The industry continues to transform, with shrinking ad revenue and layoffs at just about every entertainment and media company. Last month, Netflix announced it would produce more non-scripted material, like reality shows and game shows. Disney said it will offer even more live sports through ESPN over the coming years.
Nick Geisler got his first writing job in Los Angeles in 2018. He was a strike captain outside Amazon Studios last year. After the strike ended, he says, he returned for a few months to the writers room for the Disney show Bunk’d: Learning the Ropes. But he says he hasn’t had much luck with other studios.
“There’s just no appetite for risk,” Geisler says. “And there's a lot of requests for rewrites. A lot of them are free. There's a lot of, ‘Hey, we're so, so close. Can you just make these changes and get it over the line?’ ‘Hey, we're turning it into our higher ups tomorrow. Can you do this in three hours?’ I don't think that's really changed much. Because of the climate we're in, there’s a lot of ‘Well, I’ll just get this done because there’s not a lot going on.’”
Now, he says, “I'm actually working on a short film for a writer that I met on the picket line.”
'This time feels different'
Things are tough for those who’ve been in the business for decades, too.

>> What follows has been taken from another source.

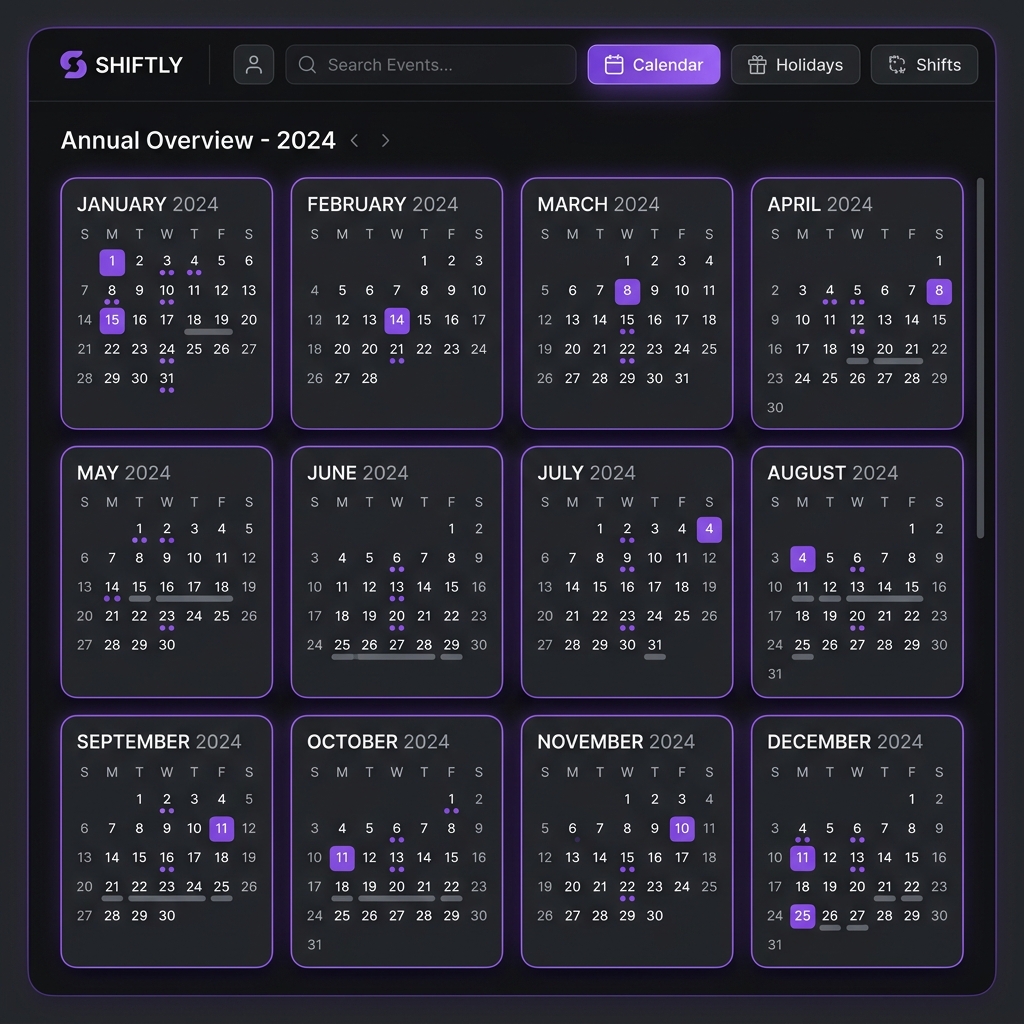 Calendar Management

“I reach out to my agent and he tells me it’s really bad out there. Hopefully it will turn around,” says Jon Sherman, who hasn’t had a writing assignment for three years.
He began his career 30 years ago, writing for Bill Nye the Science Guy. He also wrote and produced for the original TV series Frasier. Sherman was a WGA strike captain outside Amazon Studios last year.
“It's been the first time in a long career, for which I'm grateful, that I've had a real long layoff. I’ve reached a point where I'm like, ‘Oh, this time feels different.’”
To pay the bills, Sherman says he was in a focus group for dried fruit and in a UCLA research study on exercise. He’s also now a TV game show contestant. But he sure would still love to write for television.
Note: NPR News staffers are also members of SAG-AFTRA, the union of actors and performers that also went on strike last year. Broadcast journalists are under a different contract, however, and were not on strike.